TASK DESCRIPTION: Copy the data below exactly, omitting any picture it contains.

INPUT DATA:
═══

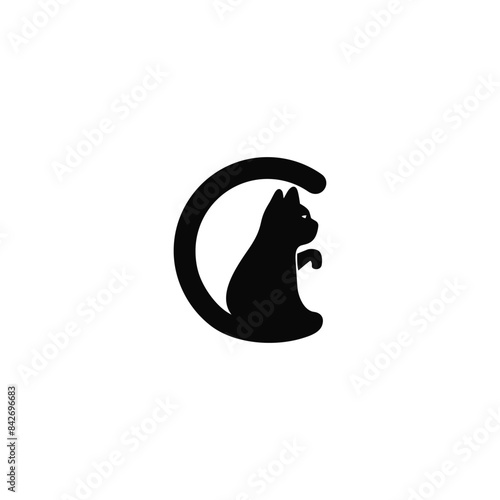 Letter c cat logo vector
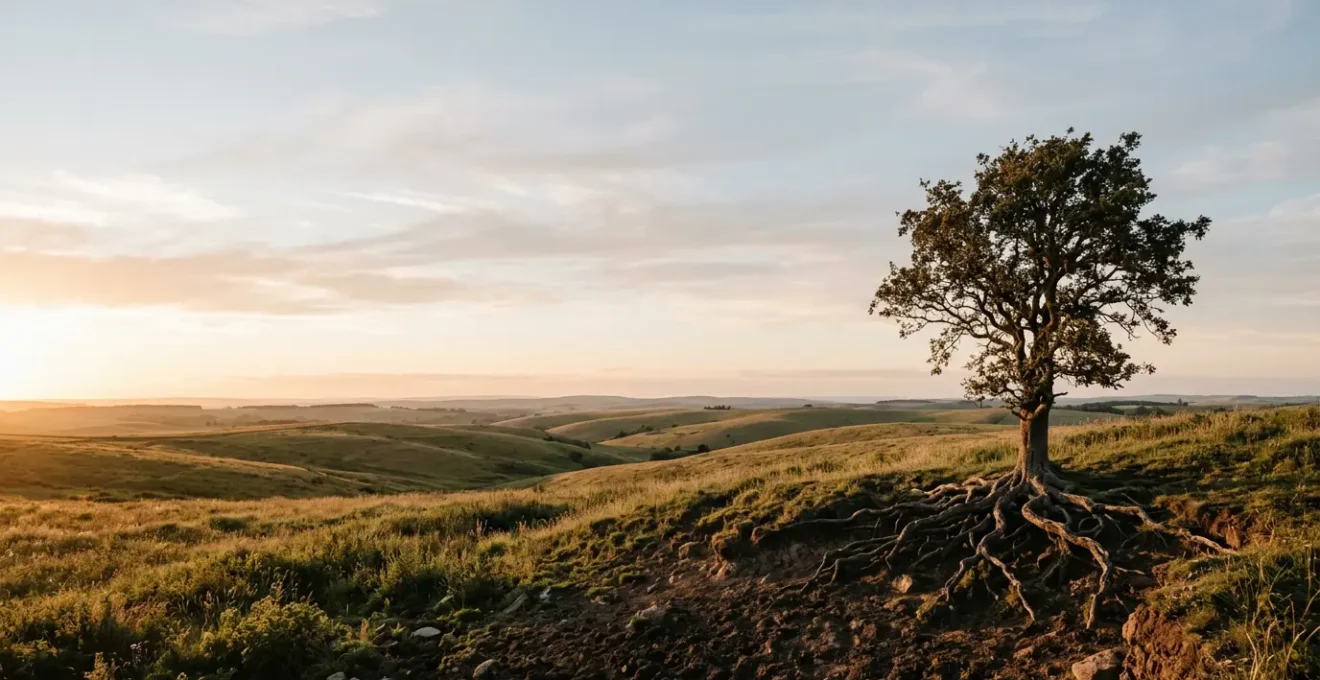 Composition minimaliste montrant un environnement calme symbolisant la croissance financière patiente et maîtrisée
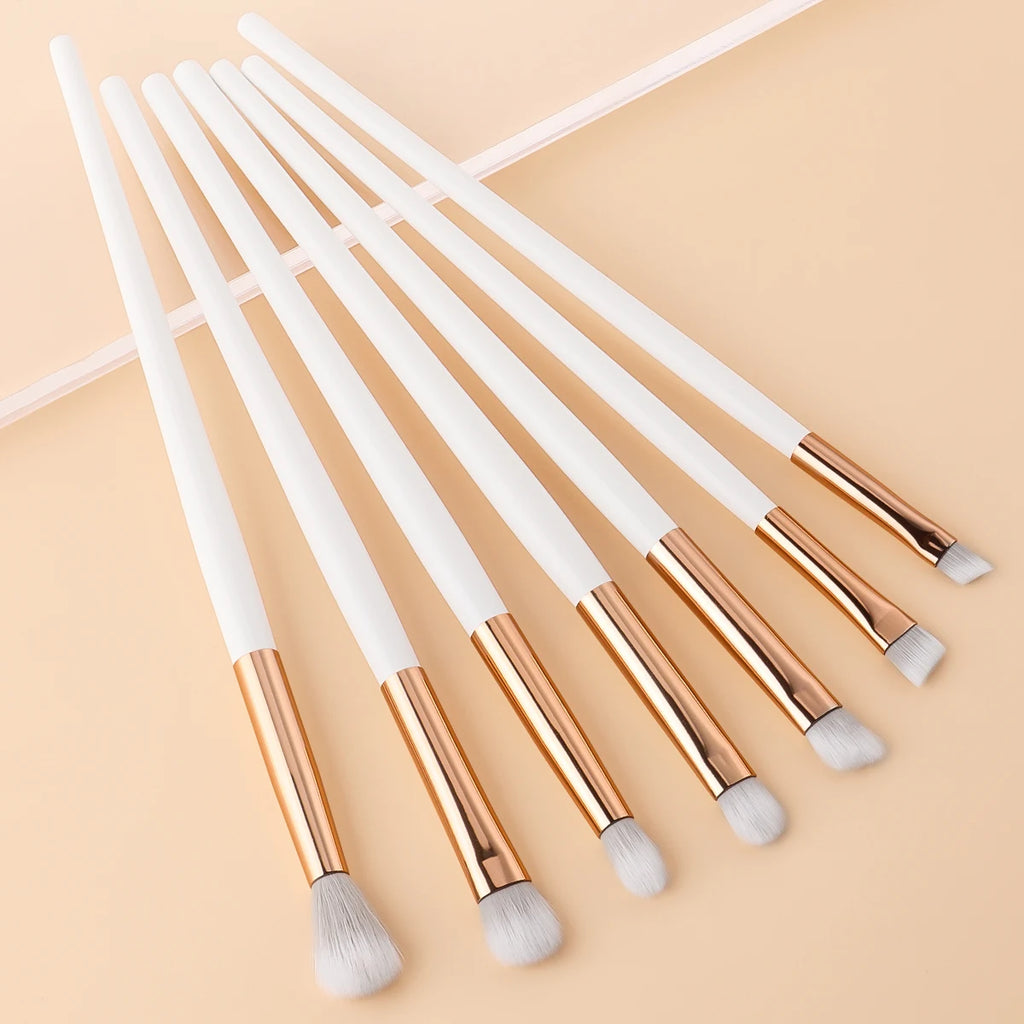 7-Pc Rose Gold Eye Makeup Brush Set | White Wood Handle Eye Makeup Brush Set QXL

═══

FINAL ANSWER:
 Letter c cat logo vector
 Composition minimaliste montrant un environnement calme symbolisant la croissance financière patiente et maîtrisée
 7-Pc Rose Gold Eye Makeup Brush Set | White Wood Handle Eye Makeup Brush Set QXL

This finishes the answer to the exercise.